GAUTTAMKUMAR PARSHOTTAMDAS LIBACHIA v. GUJARAT STATE ROAD TRANSPORT CORPORATION
1996-02-06
S.K.KESHOTE
body1996
DigiLaw.ai
S. K. KESHOTE, J. ( 1 ) HEARD learned Counsel for the petitioner. Vide advertisement dated 27/07/1990, published in Gujarat Samachar, applications for the post of Legal Adviser (Departmental Head : Grade-B) were invited by Gujarat state Road Transport Corporation (hereinafter referred to as "the Corporation" ). ( 2 ) PETITIONER has come up with a case that he had submitted his application in response to the said advertisement and he was called for interview alongwith other 25 candidates. After the interview, select list was prepared and as per the case of the petitioner, his name appeared in the said select list. From the advertisement dated 27/07/1990, it comes out that only one post appears to have been advertised. In para No. 2. 3, the petitioner has stated that in the month of January, 1996, he came to know from private sources that his name has been included between one to ten in the select list. This averment has been verified by the petitioner in his affidavit stating "to the best of petitioners information and belief". The source of information is not disclosed. In the absence of a properly sworn affidavit, it is too difficult to believe that the petitioner was placed in the select list or not, as averred. The Court proceeds with the assumption that his name was in the select list. Now, the question arises whether in this case a writ of Mandamus can be issued to the respondents to give appointment to the petitioner on the basis of the select list which has been prepared in response to the advertisement dated 27/07/1990. The select list which has been prepared in response to the advertisement dated 27-7-1990 has not been given effect. The Corporation has not made any appointments from the said select list. It is not the case of the petitioner that any candidate who was lower in the merit in select list prepared in response to the advertisement dated 27-7-1990 has been given appointment. From the fact that in the year 1992, afresh applications were invited for the post of Legal Adviser, it is clear that the Corporation has not made any appointments on the basis of select list prepared in response to the advertisement dated 27/07/1990. From the later advertisement, it is clear that there was only one vacancy.

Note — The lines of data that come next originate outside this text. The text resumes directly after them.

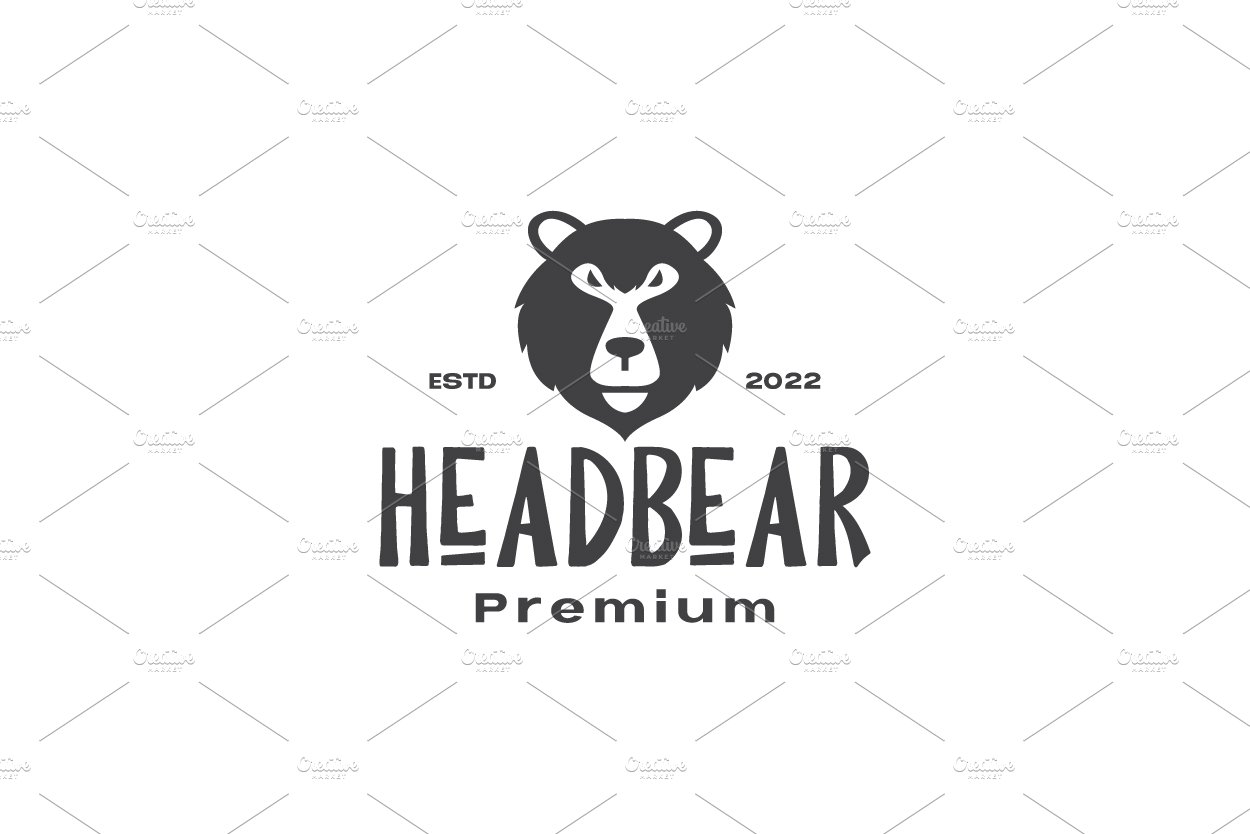 face bear vintage simple logo cover image.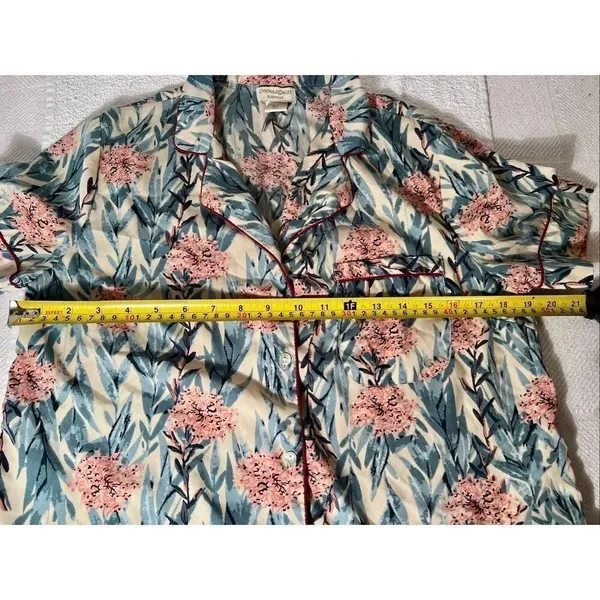 Cynthia Rowley Tropical Floral Pajamas S 2 Pc Capris Button Up Top Short Sleeves - Image 5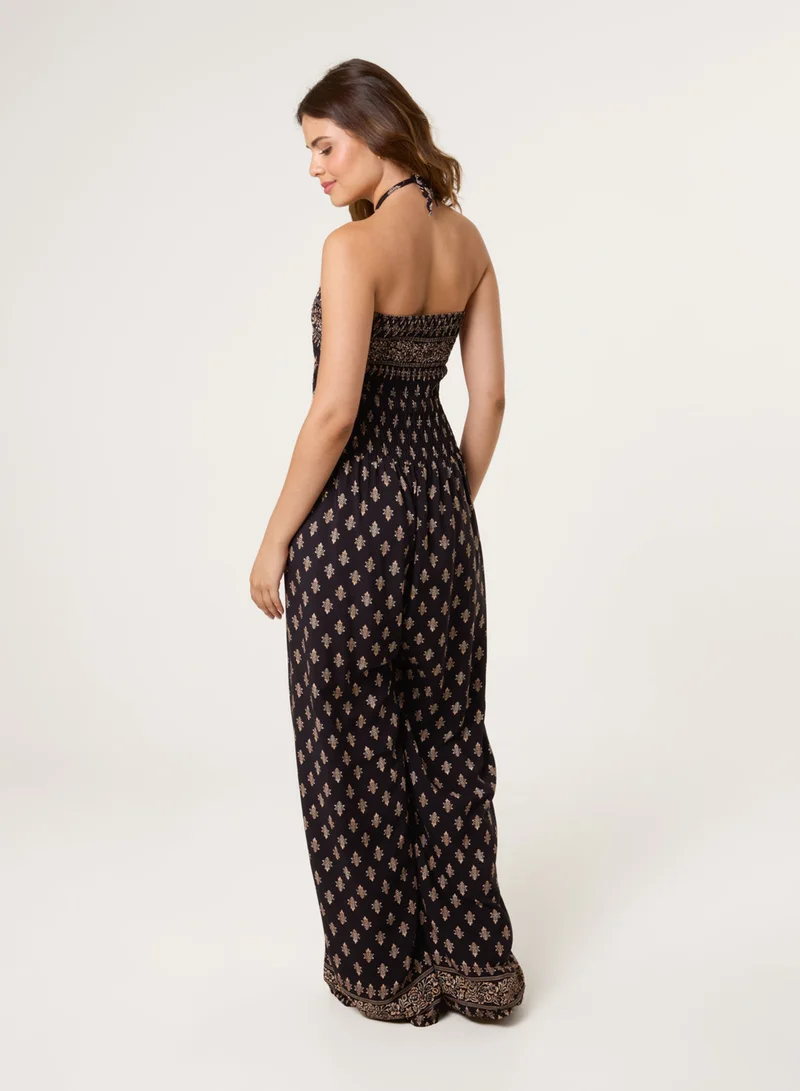 Blue Vanilla Shirred Wide Leg Border Print Jumpsuit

From the fact that in the year 1992, afresh applications were invited for the post of Legal Adviser, it is clear that the Corporation has not made any appointments on the basis of select list prepared in response to the advertisement dated 27/07/1990. From the later advertisement, it is clear that there was only one vacancy. The learned Counsel for the petitioner admitted that in response to subsequent advertisement dated 30/06/1992, petitioner did not apply for the post. It is also admitted that no appointments were made in pursuance to the advertisement dated 30/06/1992 also. In view of these facts, none of the legal or fundamental rights of the petitioners is infringed. This writ petition has been filed after more than 5 years of the first advertisement and challenge to the second advertisement is made after more than 3 years. In view of the aforesaid facts, this writ petition deserves to be dismissed on the ground of delay but otherwise also on merits, the petitioner has no case. At the most, it is a case where the petitioners name has been placed in the select list but merely inclusion of the name of a candidate in the select list does not confer any right of appointment to the petitioner. The learned Counsel for the petitioner contended that the vacancies are there and the Corporation has made appointment on those vacancies of the unqualified person. Reference in this aspect has been made to an Order (Annexure "d" ). I have gone through the order Annexure-D. Shri J. D. Vohra, who was holding the post of Chief Labour Officer was given additional charge of the post of Legal Adviser. It cannot be said to be a case of appointment. Naturally, when selection is not made, the Corporation has to take work and as such this is only the case where temporary arrangement has been made. Shri Trivedi, who was holding the post of Legal Adviser has been transferred under the Orders dated 10/02/1995 so it is also not the case of appointment. Under the Order dated 16/09/1995, one Shri s. V. Harsh was ordered to be given 10% of the pay to work additionally on the post of Legal Adviser. That order has also no relevance whatsoever. The petitioner did not challenged those orders.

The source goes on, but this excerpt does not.